What you will do: Reproduce only this stretch of the listing below: from the line with "Coussin Tommy Bahama" through the line with "MH Электронный 126000-7010", exactly as written, with pictures excluded.

### Task inputs ###

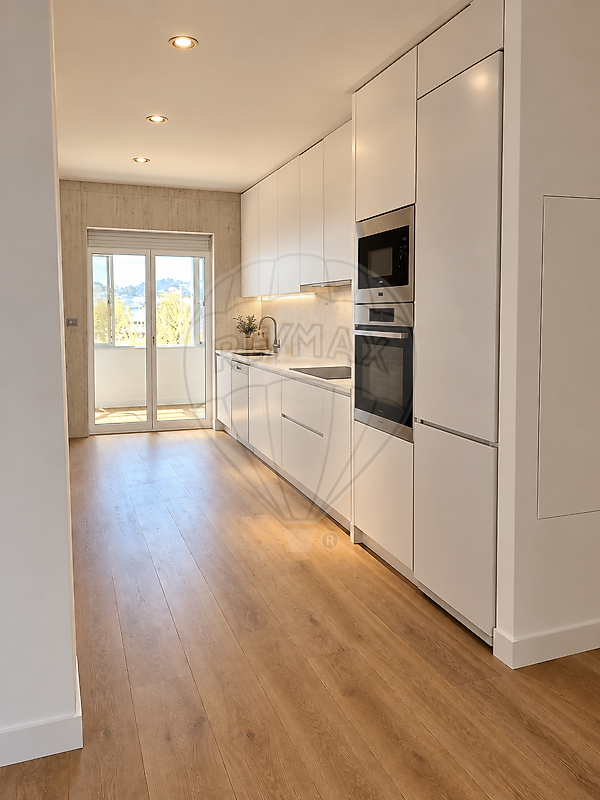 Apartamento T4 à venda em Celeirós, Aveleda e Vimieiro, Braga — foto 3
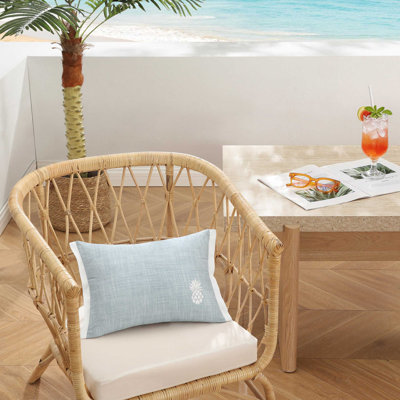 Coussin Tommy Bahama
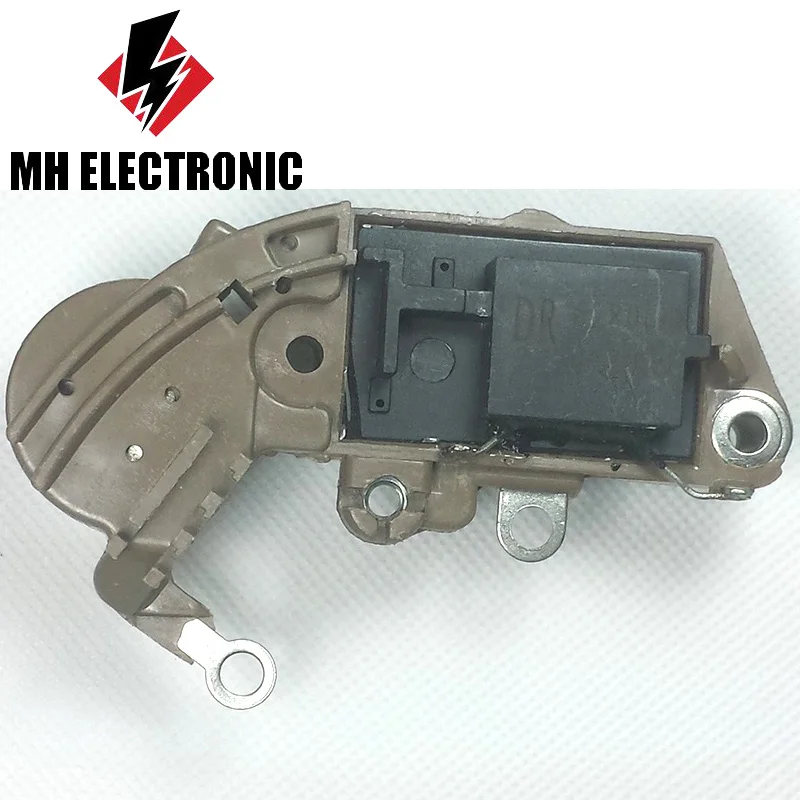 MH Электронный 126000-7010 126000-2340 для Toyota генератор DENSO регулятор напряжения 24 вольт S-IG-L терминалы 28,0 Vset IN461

###
### Task inputs ###

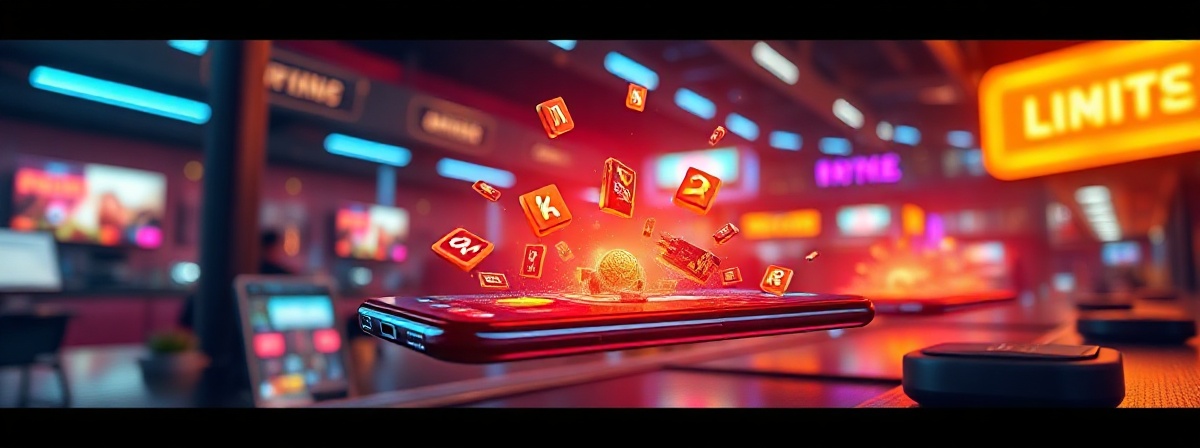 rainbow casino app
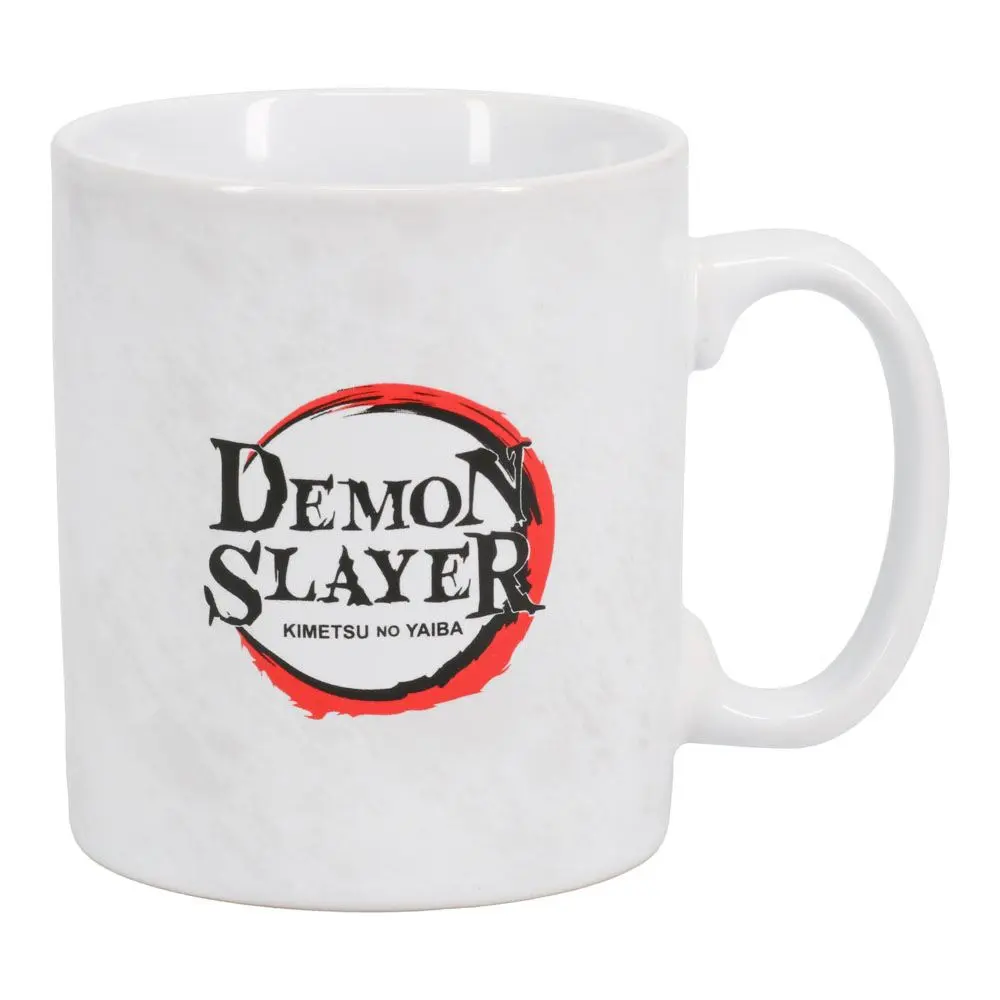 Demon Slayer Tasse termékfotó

###

Response box:
 Coussin Tommy Bahama
 MH Электронный 126000-7010 126000-2340 для Toyota генератор DENSO регулятор напряжения 24 вольт S-IG-L терминалы 28,0 Vset IN461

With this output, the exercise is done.